== ABOUT THIS EXERCISE ==
Nothing but the lines below from the one holding "With Pylon B2B" up to and including the one holding "CUPSHE Womens Ribbed" should be copied, exactly and without pictures.

== INPUT RECORDS ==
'''
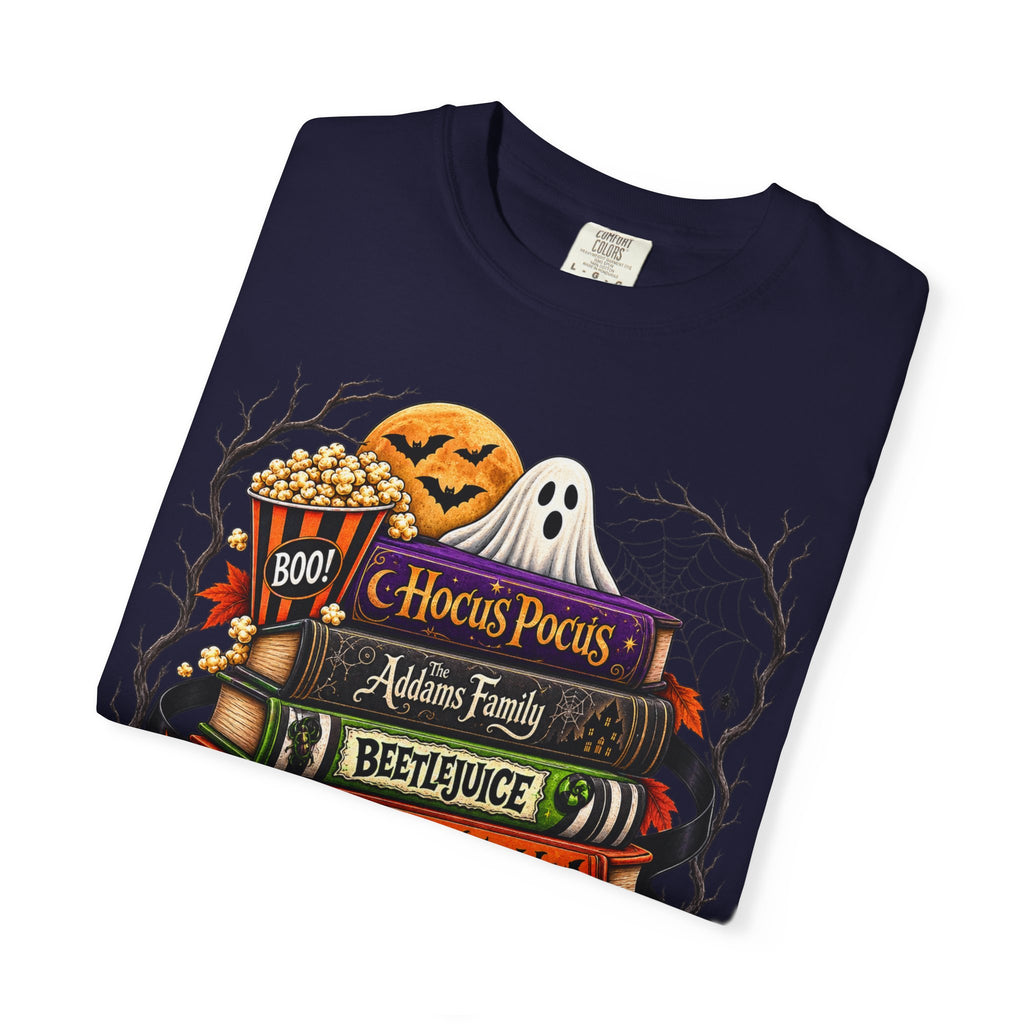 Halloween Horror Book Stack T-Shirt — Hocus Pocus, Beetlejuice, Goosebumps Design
'''
'''
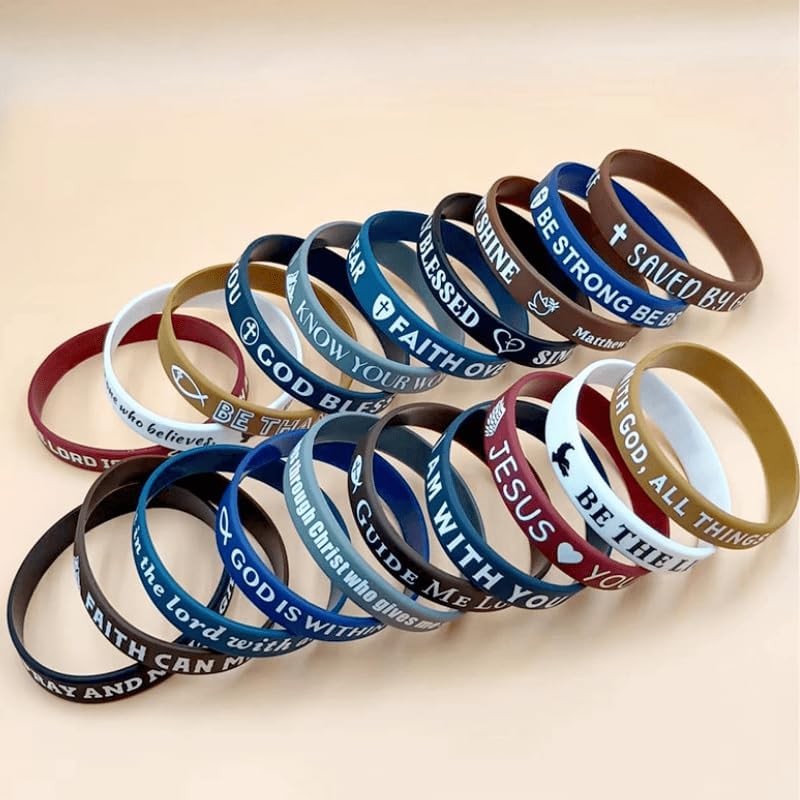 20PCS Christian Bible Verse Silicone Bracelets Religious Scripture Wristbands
'''
'''
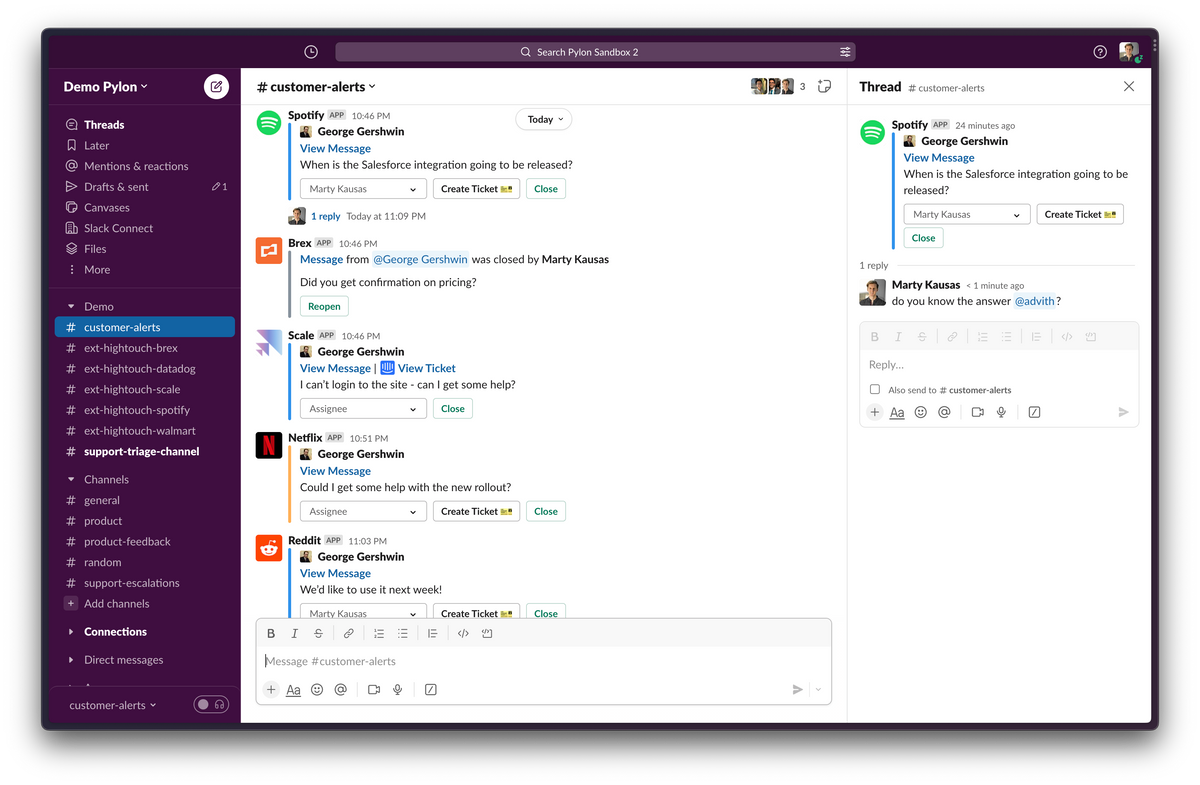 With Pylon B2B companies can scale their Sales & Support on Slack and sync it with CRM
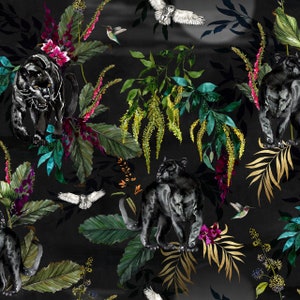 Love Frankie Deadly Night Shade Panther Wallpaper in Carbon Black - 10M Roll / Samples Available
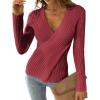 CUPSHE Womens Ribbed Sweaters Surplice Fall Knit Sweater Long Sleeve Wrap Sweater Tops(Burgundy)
'''
== RESPONSE TO THIS TASK ==
 With Pylon B2B companies can scale their Sales & Support on Slack and sync it with CRM
 Love Frankie Deadly Night Shade Panther Wallpaper in Carbon Black - 10M Roll / Samples Available
 CUPSHE Womens Ribbed Sweaters Surplice Fall Knit Sweater Long Sleeve Wrap Sweater Tops(Burgundy)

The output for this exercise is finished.